Les fuqaha’ ont, malheureusement, annulé cette option. Ils n’ont laissé au musulman qu’une seule alternative: obligation de jeûner ou se soumettre à une punition, kaffara. Shahrour relève ici également une erreur sémantique: le mot Kaffara signifie expiation (réparation d’un délit) alors que le Texte coranique parle plutôt de fidya c’est-à-dire  rachat/  aumône compensatrice.

Bref, si Shahrour dépasse les interprétations des Anciens en matière de culte, c’est parce qu’il part du principe que les premiers fuqaha’ et hommes de religion ont toujours été obsédés, tout au long de l’histoire, par le facteur de la cohésion sociale dans une époque où la légitimité religieuse était la base de la structure politique, économique et sociale. Pour cela, ils ont favorisé les signes extérieurs du culte, y compris le jeûne au détriment de l’honnêteté de conscience qu’elle requiert.

Ceci nous amène à poser la question de savoir si Shahrour se positionne ici en tant que réformiste en matière de religiosité. Car, dans sa démarche, nous distinguons un chevauchement entre le travail de linguiste et celui du théologien réformiste. Shahrour dit bien dans ses écrits: comme le fiqh n’est qu’une construction humaine, on peut donc changer ses prescriptions, et annuler cette prétendue stabilité qui n’était que le fruit des conditions que les musulmans ont vécues. Il faut que la finalité, que ce soit en matière de fiqh ou dans le domaine de la pensée islamique en général, soit l’éducation de la conscience correcte, ce qui est beaucoup plus important que l’hypocrisie qu’on peut remarquer en matière des rites dans un grand nombre de pays islamiques:

 « Ce qui est très dommageable, dit-il, est l’accent mis sur les rites. On n’a pas assez mis l’accent sur l’éthique et la morale. Certains musulmans jeûnent et vont à la mosquée, mais ils trompent. Dans notre culture, il y a plus de culpabilité à rompre le jeûne qu’à tromper! C’est ainsi que nous avons été élevés ».

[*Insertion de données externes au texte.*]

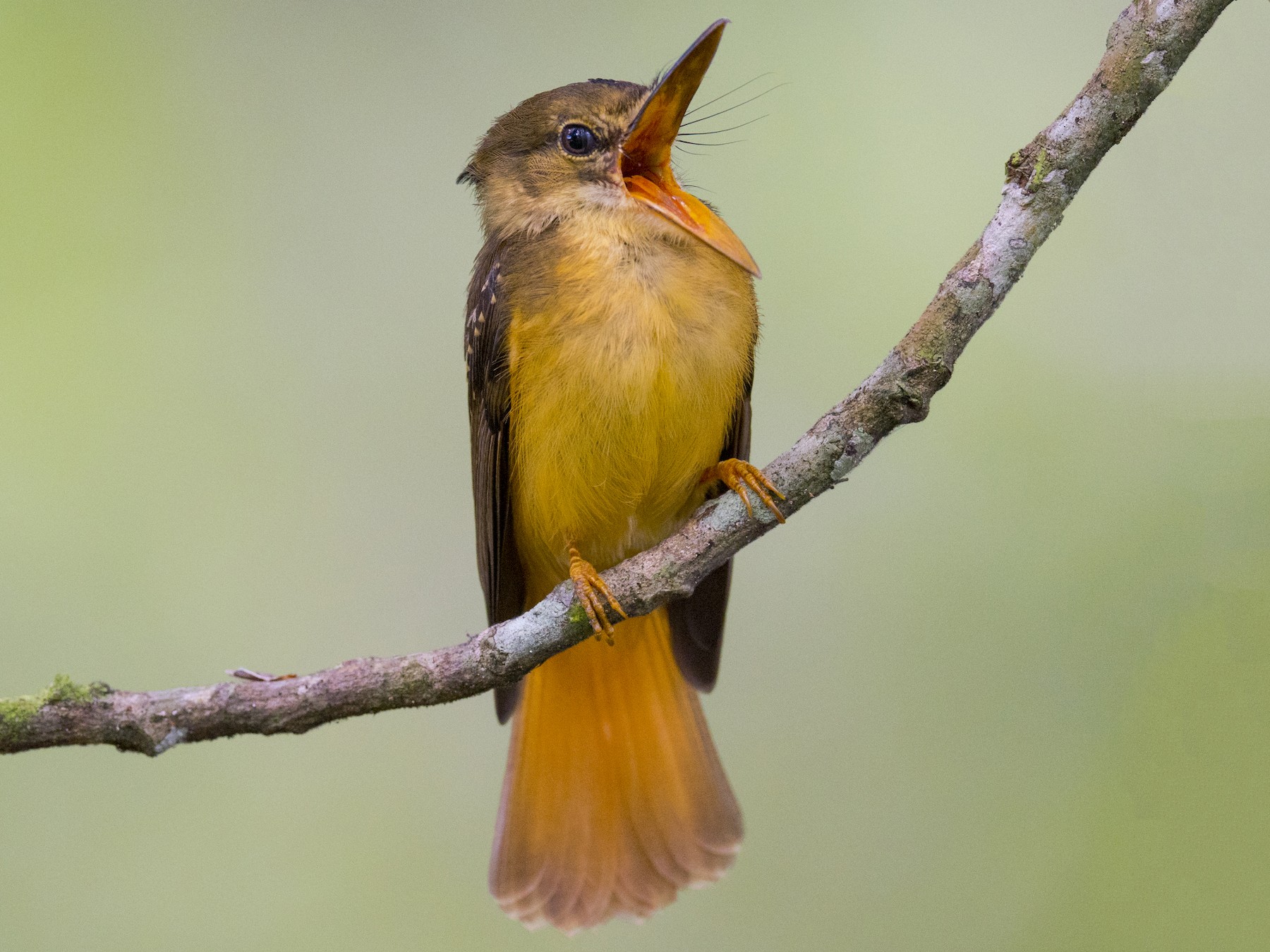 amazonian royal flycatcher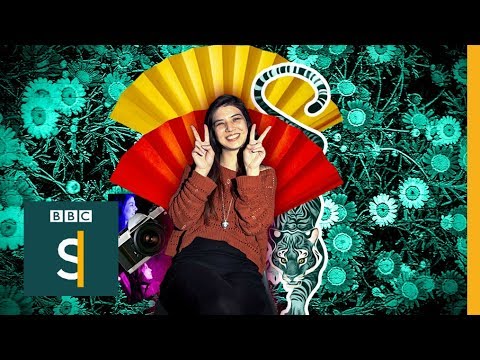 不是那麼（瘋狂富有）的英國東亞裔 (Not So (Crazy Rich) British East Asians - BBC Stories)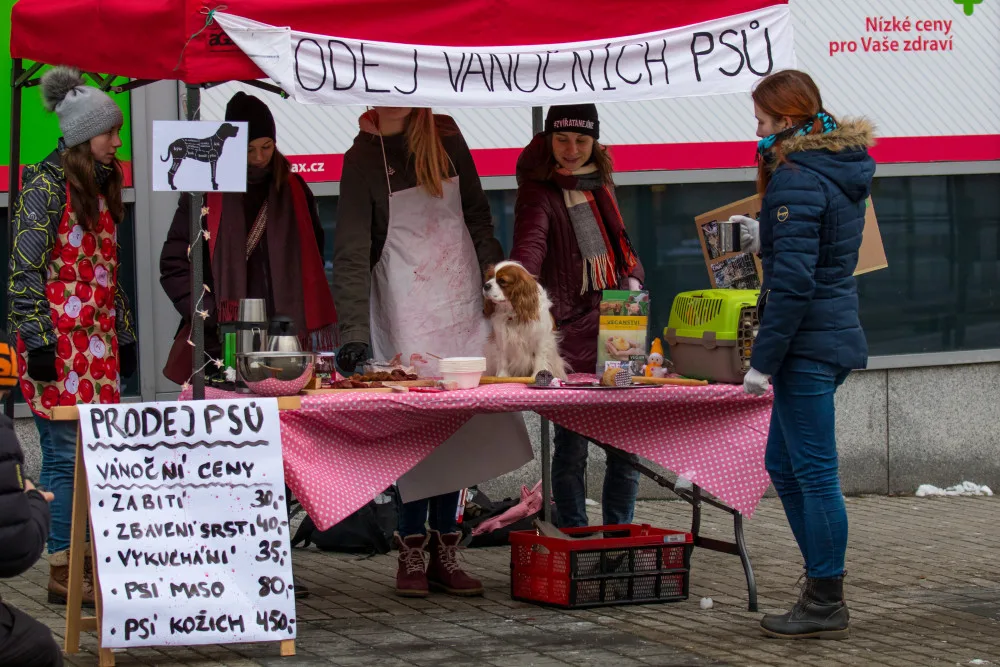 Prodej vánočních psů v centru Liberce poukazuje na masakr v podobě prodeje kaprů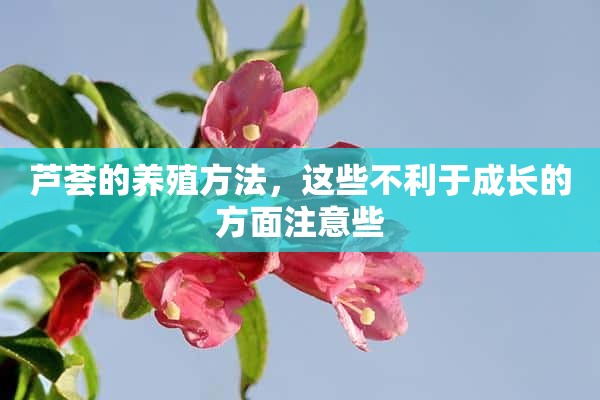 芦荟的养殖方法，这些不利于成长的方面注意些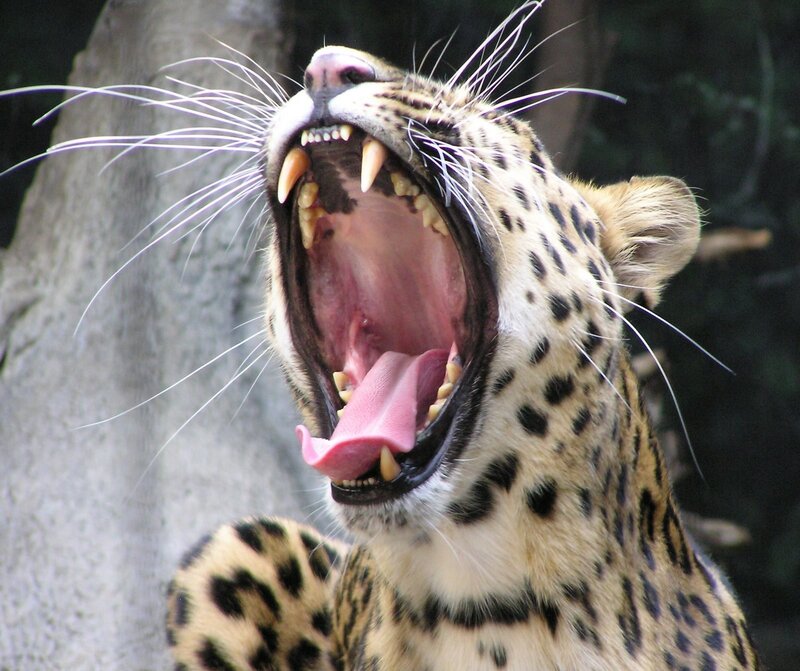 leopard yawning widely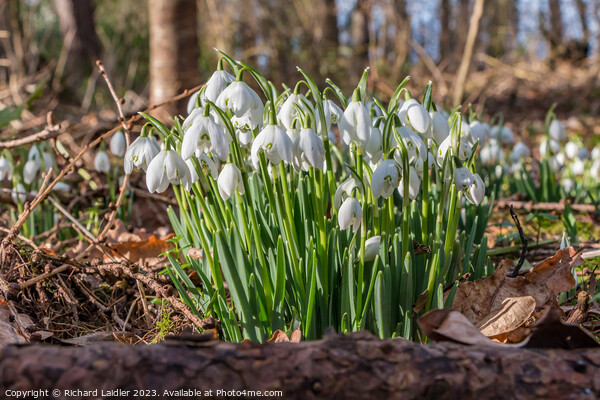Woodland Snowdrops Picture Board by Richard Laidler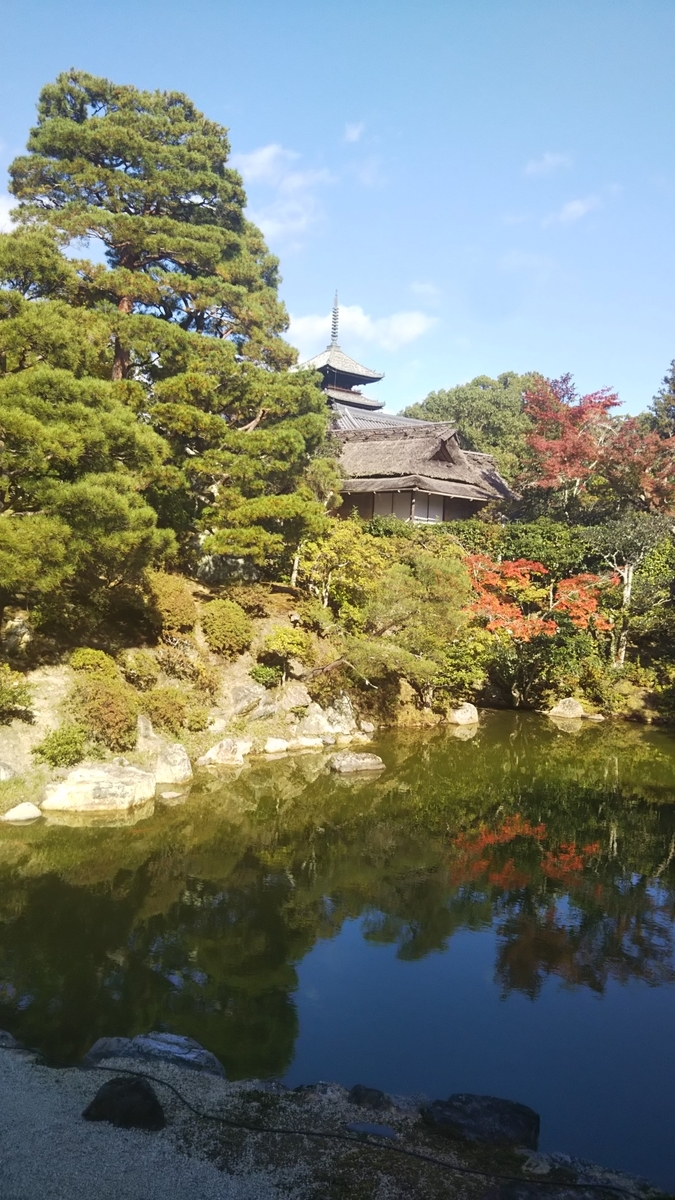 f:id:teresan:20191124170206j:plain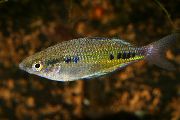 Gevlekt Vis Black-Spotted Rainbow Fish (Glossolepis maculosus) foto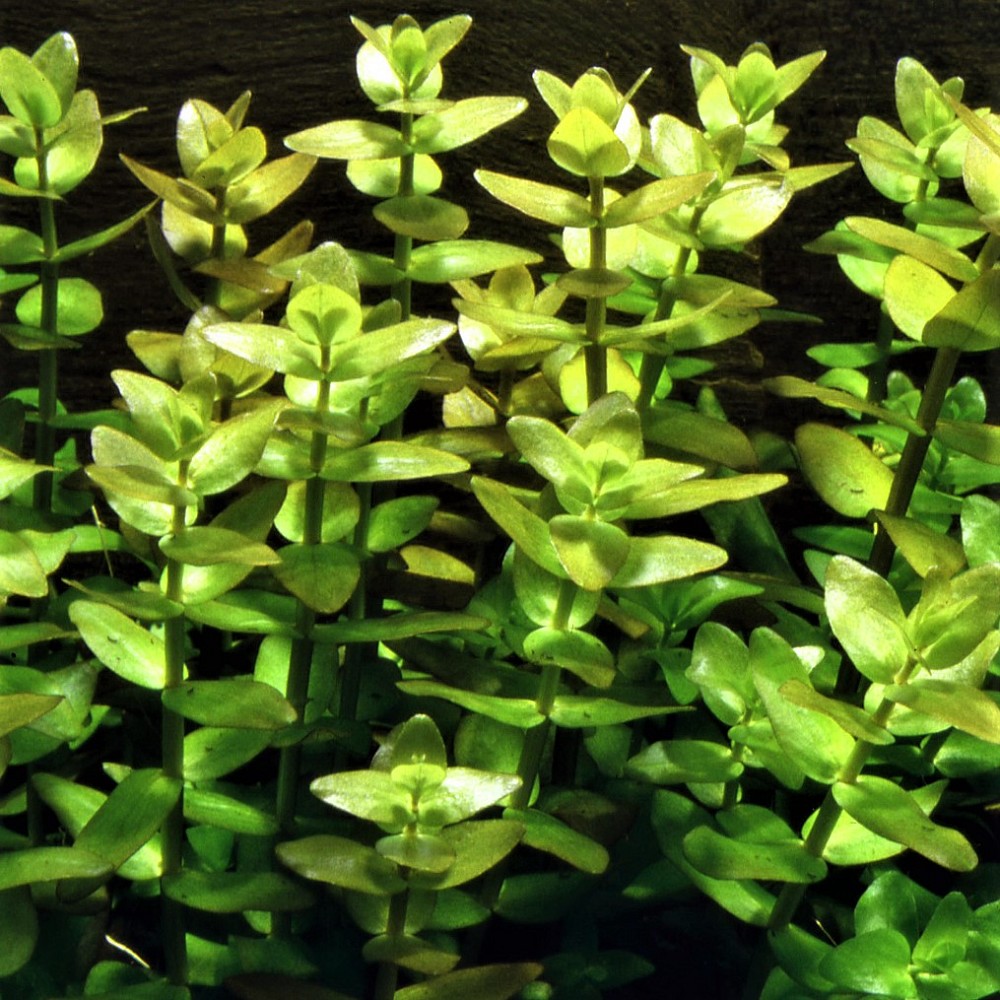 Bacopa amplexicaulis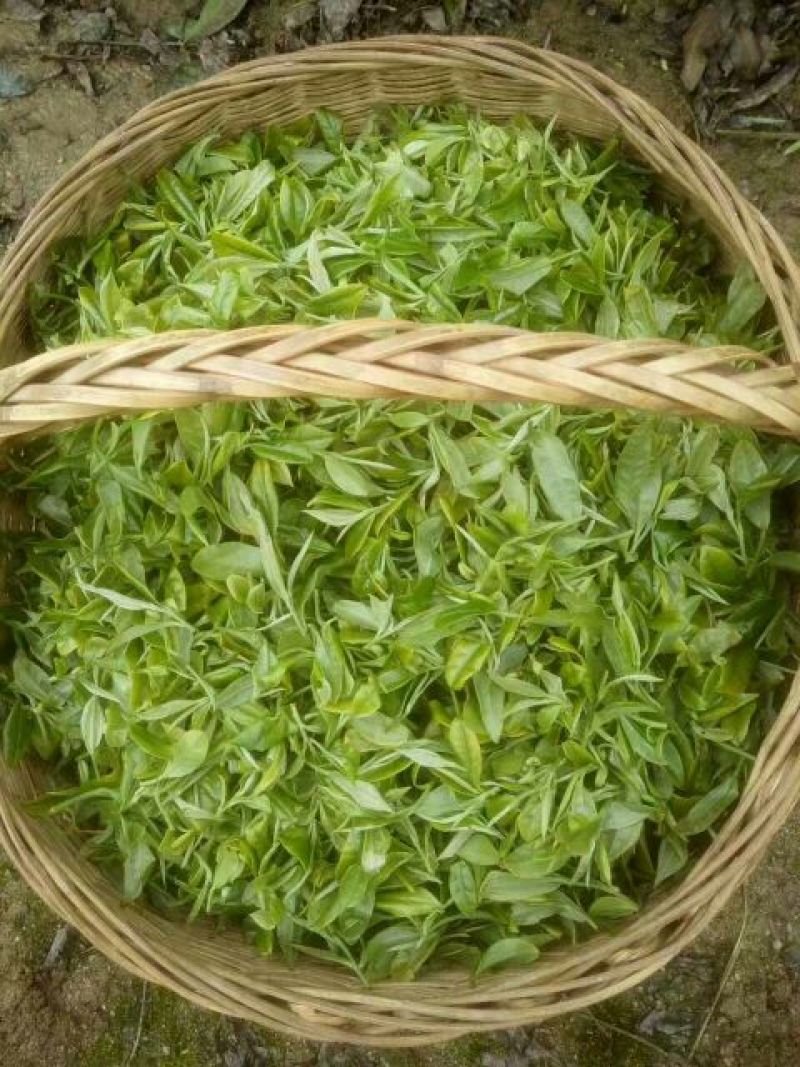 五峰绿茶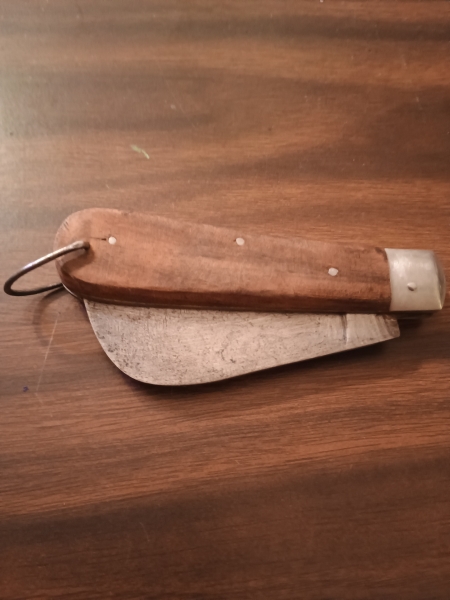 Folding pocket knife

Shahrour conclut son analyse par une formule ramassée et virulente:

« A la place d’une moralité éveillée, nous avons gagné une culture pleine d’hypocrisie, de malhonnêteté et de manque de fiabilité. Plus les gens se concentrent uniquement sur leurs prières et leurs rituels et plus les femmes décident de porter le voile, plus nous observerons un déclin de l’ordre et de la moralité publique. Nos « honorables savants » répandent une mentalité de conformisme qui persuade les masses de faire ce qui leur est dit par leurs chefs religieux. Ils ne veulent pas entendre de questions critiques de la part de leurs ouailles et préfèrent que leurs cerveaux soient complètement déconnectés. Ils encouragent la stimulation de l’instinct de troupeau qui rend les gens in-sécurisés lorsqu’ils ne sont pas blottis dans la chaleur de la conformité du groupe. Le peuple se comporte comme des moutons, se dépêchant de rallier le courant de pensée dominant à l’aboiement des chiens du berger (les muftis, mollahs, imams, et autres chefs de groupes sectaires). Une véritable révolution intellectuelle sera requise pour changer cette mentalité de conformisme et pour promouvoir l’individualité et l’originalité dans la pensée et la pratique chez les hommes de la rue tout autant que chez les étudiants de la charia les plus ordinaires ».